Più che i ghiacciai, a sciogliersi sempre di più, sotto il sole cocente degli scandali, sono le panzane catastrofiste che sul clima alcuni scienziati continuano a propinarci. Nell’ultima settimana, in particolare, c’è stata una escalation di notizie, ma sarebbe più corretto parlare di fatti concreti, che quanto meno meriterebbero un bel “mea culpa” da parte dei profeti di sventura. Ecco le notizie: Rajandra Pachauri, presidente della Ipcc, la commissione Onu sul clima, (ma lui, come riportato in un’inchiesta del Daily Telegrap) è anche consigliere di amministrazione e direttore di numerose società che fanno affari anche con i combustibili fossili, vedi Tata Group), ha dovuto candidamente ammettere che il paventato scioglimento dei ghiacciai dell’Himalaya, previsto nel 2035, era frutto di un errore di calcolo. “Ci siamo sbagliati su una cifra, è vero”, ha detto Pachauri, aggiungendo però che “questo non toglie nulla alle prove scientifiche sul riscaldamento del pianeta”. Sapete qual è la cifra sulla quale si sono sbagliati?
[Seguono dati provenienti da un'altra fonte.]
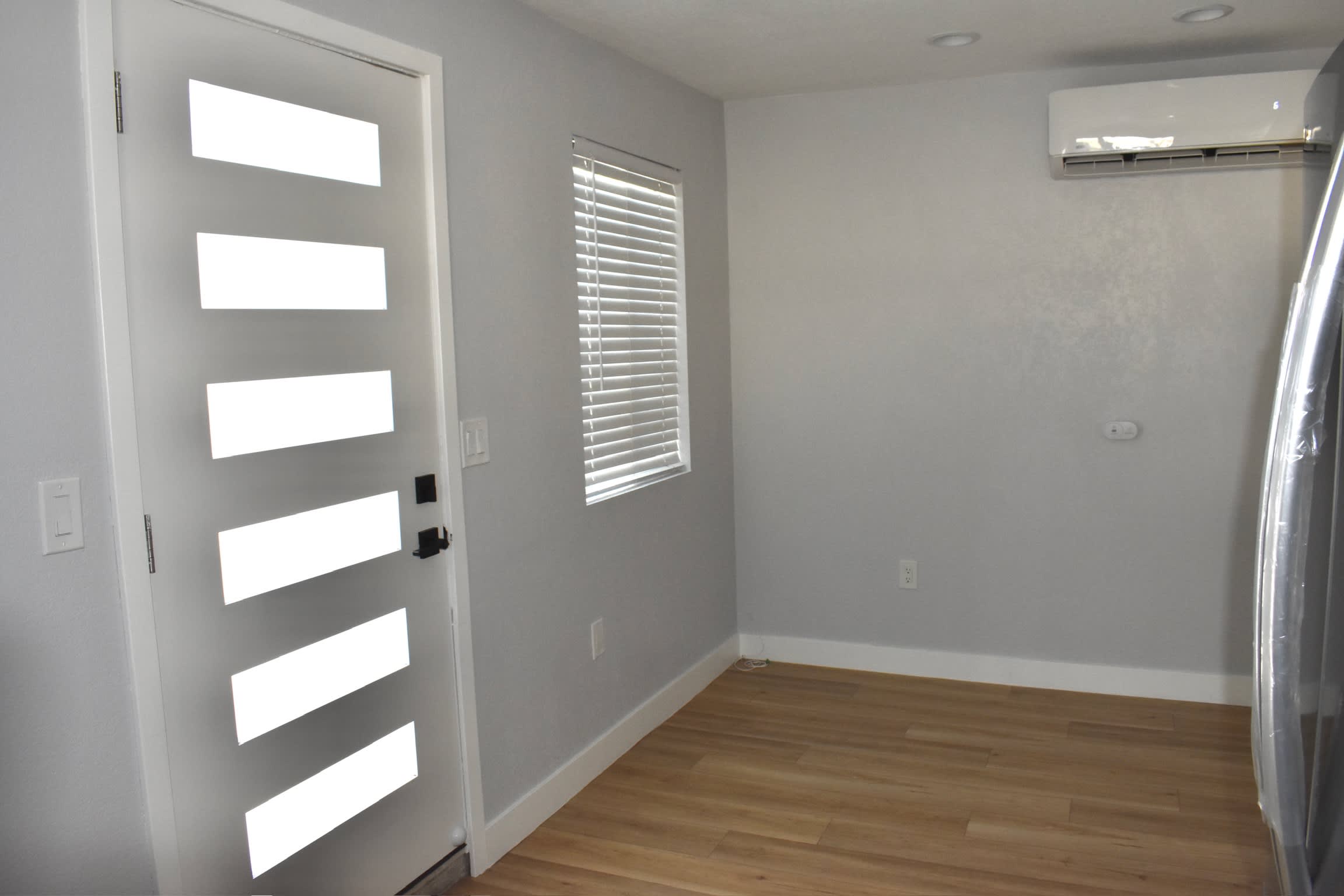 11659 Burke St – photo 5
Lo scioglimento dell’Himalaya è previsto non per il 2035, ma per il 2350, come rivelato dalla rivista Nature (il tutto è stato raccontato in un articolo di Repubblica a firma Elena Dusi). Sui calcoli, del resto, cosa volete che siano 300 anni in più o in meno? Ora, a parte che è lecito dubitare che anche il 2350 sia una data presunta e non si sa in che modo spiegabile scientificamente, ma quello che sconvolge di più è che Al Gore, proprio recitando il rapporto Ipcc del 2007 (“I ghiacciai dell’Himalaya si scioglieranno più rapidamente che nel resto del mondo e potrebbero scomparire del tutto entro il 2035 o addirittura prima”) si è portato a casa il premio Nobel (insieme alla commissione clima dell’Onu). Insomma, sparar panzane ha fatto intascare ad Al Gore (non che ne abbia bisogno) 1 milione di dollari, oltre a far salire il suo cachet per interventi pubblici in salsa catastrofista.
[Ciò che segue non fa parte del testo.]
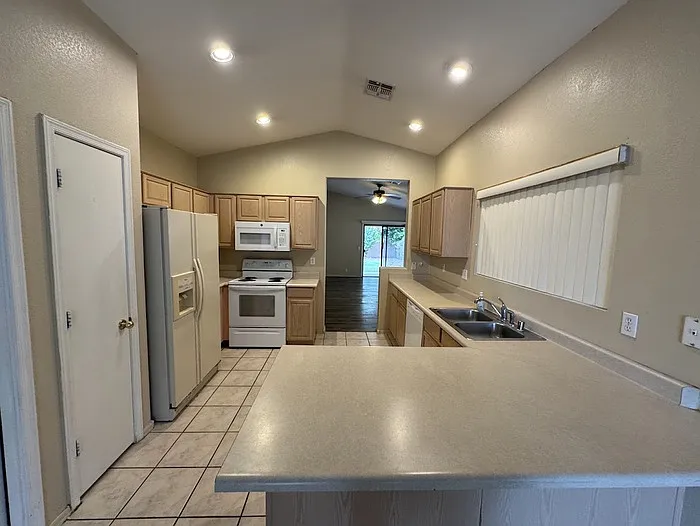 15940 N 86th Ln — Photo 8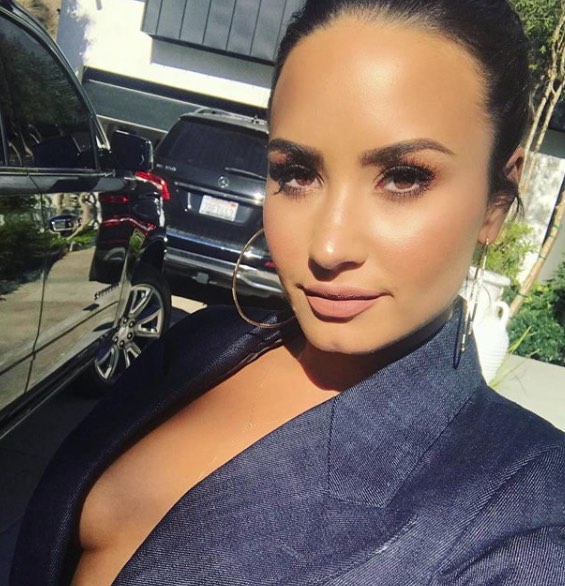 instagram.com/ddlovato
Evitando di tornare sulla questione delle e-mail rubate, che hanno smascherato le sirene allarmiste degli scienziati, c’è un altro tema che è tornato alla ribalta. Il buco dell’ozono. Ricordate gli scienziati che gridavano alla catastrofe, sostenendo che il sole, in soldoni, ci avrebbe “bruciato” tutti quanti a causa delle radiazioni ultraviolette non filtrate dall’ozonosfera? Bene, ora che il buco si sta richiudendo, gli scienziati hanno rigirato la frittata. Hanno spiegato: ci eravamo sbagliati, il buco dell’ozono contribuiva a proteggere l’Antartide dallo scioglimento dei ghiacci, ora che si sta richiudendo il rischio di scioglimento aumenta. (http://www.tio.ch/aa_pagine_comuni/articolo_interna.asp?idarticolo=525775&IDSezione=16&idsito=129&idtipo=410).
La domanda, semplice, sorge spontanea: per il bene di tutti e del pianeta (e non solo delle tasche di chi lucra sugli allarmismi): quand’è che si riuscirà ad avere un dibattito serio sul clima, che inneschi di conseguenza prese di posizioni serie?